I mentioned type punning using unions already, when talking about how it wasn’t possible in C++. As far as I can tell from skimming the web, punning with unions is defined in D, and it is the best way that I can think of to represent the registers. This may cause issues with different endianness (it probably will), but I have no easy way to check and I’m only worried about x86 for now. If endianness matters, I’ll update this blog entry.

If you are unfamiliar with unions, they essentially allow you to use a single variable as multiple types. They are similar to structs, except instead of storing multiple values, they store a single value in multiple ways. Unions are the size of the largest member. Hopefully an example will say more than words.

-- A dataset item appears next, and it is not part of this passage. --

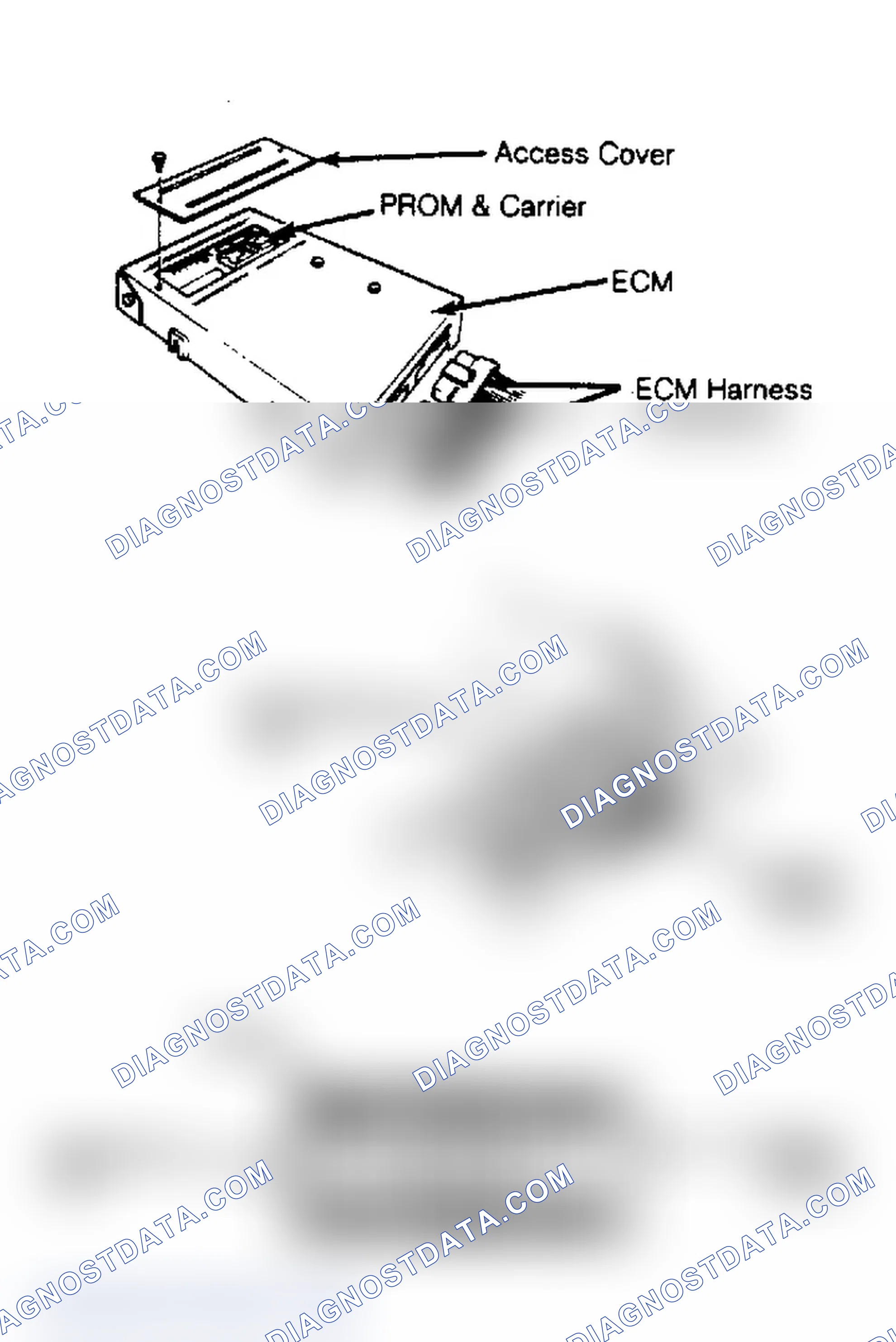Scheme 1: Replacing PROM in Electronic Control Module Always use PROM removal tool when replacing PROM.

To explain type punning using unions, I will use the following example:

union PunnedRegister {
    short ab; // Grouped 8-bit values

    struct { // In order of least significant to most significant
        byte b; // Right value
        byte a; // Left value
    }
}

void main() {
    PunnedRegister r;

    r.a = 0xA;
    r.b = 0xB;
    writefln("%04X", r.ab);
}

This code outputs 0A0B as expected.

The way that this works is that PunnedRegister can either be accessed as single a 16-bit integer or as a struct of two 8-bit integers (which is anonymous, so the integers can be accessed transparently). When accessed as one of the two 8-bit integers, either the left or right half of the 16-bit value is accessed – when accessed as a 16-bit integer, the combination of the two 8-bit integers is accessed.

The final representation

Using mixins to reduce the amount of repetitive code, this is how the registers will be represented in the emulator:

alias reg16 = short;
alias reg8 = byte;

template Register(string firstHalf, string secondHalf) {
    const char[] Register = 
    "
    union {
        reg16 " ~ firstHalf ~ secondHalf ~ ";

        struct {
            reg8 " ~ secondHalf ~ ";
            reg8 " ~ firstHalf ~";
        }
    }
    ";
}

struct Registers {
    mixin(Register!("a", "f"));
    mixin(Register!("b", "c"));
    mixin(Register!("d", "e"));
    mixin(Register!("h", "l"));

    reg16 sp;
    reg16 pc;
}

I also aliased short to reg16 and byte to reg8 in case I find it important to make them unsigned in the future or alter how they are stored in some other way. Unlike C/C++, it isn’t necessary to change the alias on different platforms since type size is guarenteed.

Because the SP and PC have letters that are shared with individual registers, they can’t use the same method of representation as the other registers.

The only downside that I’ve noticed so far is that my editor doesn’t like to autocomplete the registers.

Setting some defaults

The Gameboy has a bootstrap rom (shield your eyes from the content, it’s under copyright) that does some housekeeping on boot, then makes itself invisible. These instructions have some side effects, both on the memory and on the registers. To determine the register side effects, I decided to run another emulator with an empty rom, then read the register values. The values I got are as follows:

Register Value
AF 01B0
BC 0013
DE 00D8
HL 014D
SP FFFE
PC 0100

While most games probably don’t care about what the initial values of the registers are, I wanted to implement the values anyway for completion sake. I set these values after declaring the registers:

// Initialize like the original bootstrap rom
regs.sp = 0xFFFE;
regs.af = 0x01B0;
regs.bc = 0x0013;
regs.de = 0x00D8;
regs.hl = 0x014D;
regs.pc = 0x0100;

I’ll look into the effects of the bootstrap rom on memory later.